Chadwick, O., Roering, J., Heimsath, A., Levick, S., Asner, G., & Khomo, L. (2013). Shaping post-orogenic landscapes by climate and chemical weathering. Geology, 41(11), 1171-1174. doi:10.1130/G34721.1.


Zitierlink: https://hdl.handle.net/11858/00-001M-0000-0014-694E-4
Zusammenfassung
The spacing of ridges and valleys reflects the competition between diffusive transport on hill slopes and advective transport in channels, although the underlying lithologic, tectonic, and climatic controls have not been untangled. Here, we measure geochemical and geomorphic properties of catchments in Kruger National Park, where granitic lithology and erosion rates are invariant, enabling us to evaluate how varying rainfall (MAP=470, 550, and 730mm) impacts ridge-valley spacing. Catchment-average erosion rates, based on 10Be concentrations in river sands, are low (3 to 6 m My-1) and vary minimally across the three sites. Our lidar-based, slope-area trends reveal that hill slopes in the dry site are gentle (3%) and short (area of hill-valley transition is 75m2). The terrain has low relief and is highly dissected by small channels. With increasing rainfall, hill slopes lengthen (transition area increases from 220 to 700m2) and increase in gradient (6 to 8%), resulting in fewer, higher relief catchments. The chemical depletion fraction of ridge-crest regoliths increases with rainfall from 0.3 to 0.7, indicating progressive increase in chemical relative to physical erosion.
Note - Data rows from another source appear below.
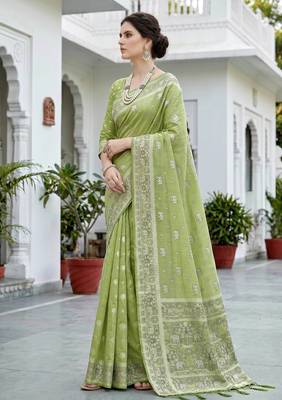 green woven cotton saree with blouse 3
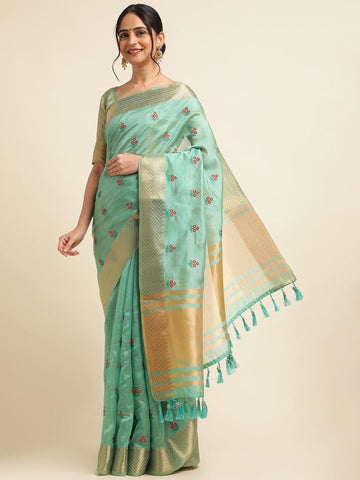 Ethnic Motifs Zari Woven Design Banarasi Saree
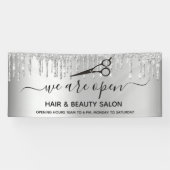 リオープニングヘア美しいサロングリッター銀の輝き 横断幕 (横)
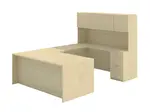 U Shaped Desk with Hutch and Drawers
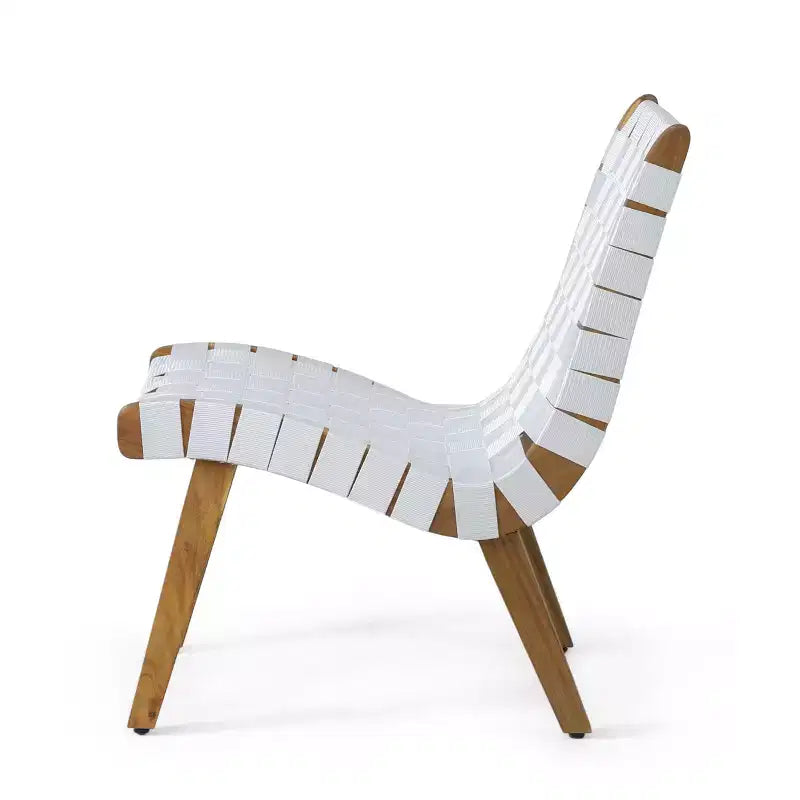 GDFStudio Ocilla Sedie Lounge da Esterno in Legno di Acacia e Corda Intrecciata (Set da 2)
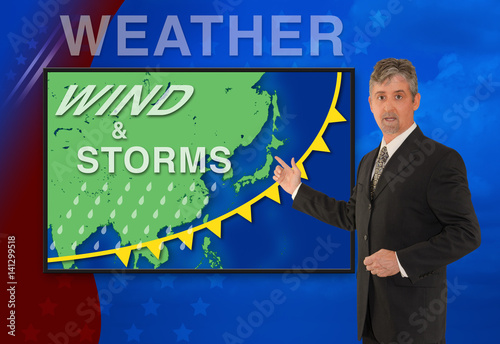 Картината върху платно A tv television news weather man meteorologist anchorman is reporting with a Wind & Storm graphic over a map of Asia on the monitor screen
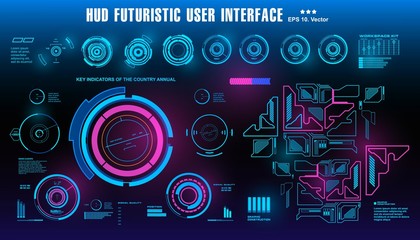 HUD futuristic blue user interface, dashboard display virtual reality technology screen, target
In the dry site, catenas are relatively undifferentiated, but intermediate and wet site catenas have leached sandy crests and upper side slopes complemented by clay accumulation zones further down slope. The texture of this granitic landscape appears to be set by climate-driven feedbacks among chemical weathering, regolith fabric differentiation and hydrological routing that enhances the vigor of diffusive transport relative to advective transport.